● **WHAT TO PRODUCE**
Leaving out all pictures, reproduce the entries below exactly, from the first line through the line that contains "Partially open white".

----------

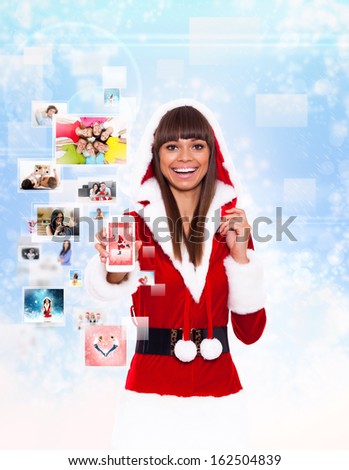 christmas girl happy smile hold cell phone mobile present, woman wear Santa Clause costume show touch screen, new year communication concept over background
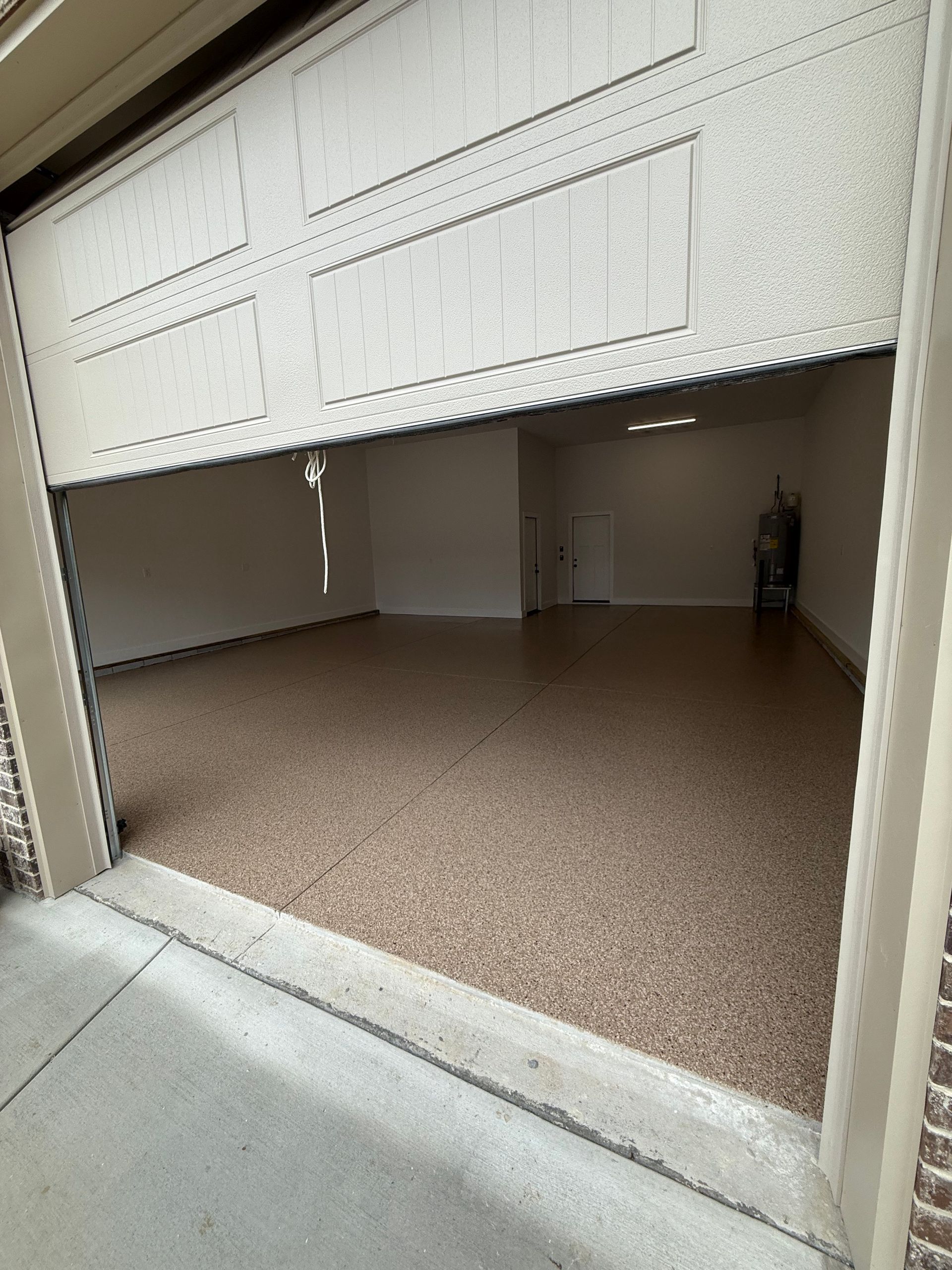 Partially open white garage door revealing an empty interior with brown floor and white walls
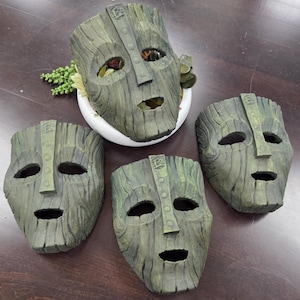 May include: Four wooden mask sculptures with a distressed, weathered finish. The masks have a carved appearance with eye and mouth openings. One mask is in a white planter with greenery. The masks are in shades of green and brown.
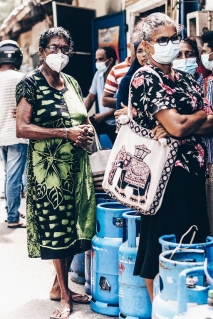  _273_https://www.helpage.org/silo/images/sri-lanka-crisisolder-people-queuing_213x319.jpg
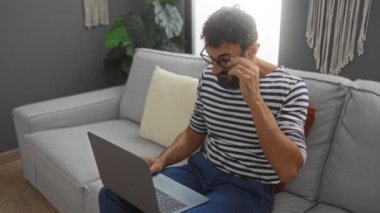 Oturma odasındaki kanepede dizüstü bilgisayarla oturan, çizgili gömlek giyen, gözlüğünü tutarken gözlerini ovuşturan, evde çalışmaktan yorulduğunu gösteren genç bir adam.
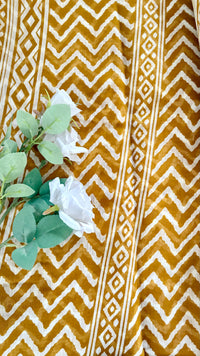 White Geometric zig-zag chevron print pattern warm mustard-brown hue, complemented by a traditional, glossy golden zari border  (Saree Code - S77)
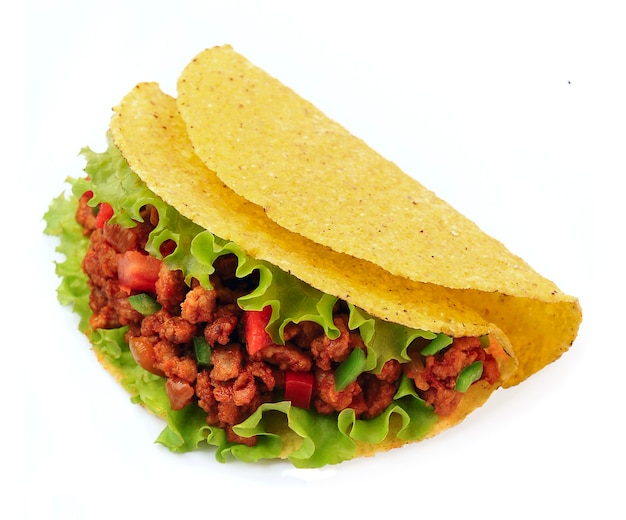 Photo mexican tacos with vegetables on white backgrounds.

----------

● **TASK OUTPUT**
 christmas girl happy smile hold cell phone mobile present, woman wear Santa Clause costume show touch screen, new year communication concept over background
 Partially open white garage door revealing an empty interior with brown floor and white walls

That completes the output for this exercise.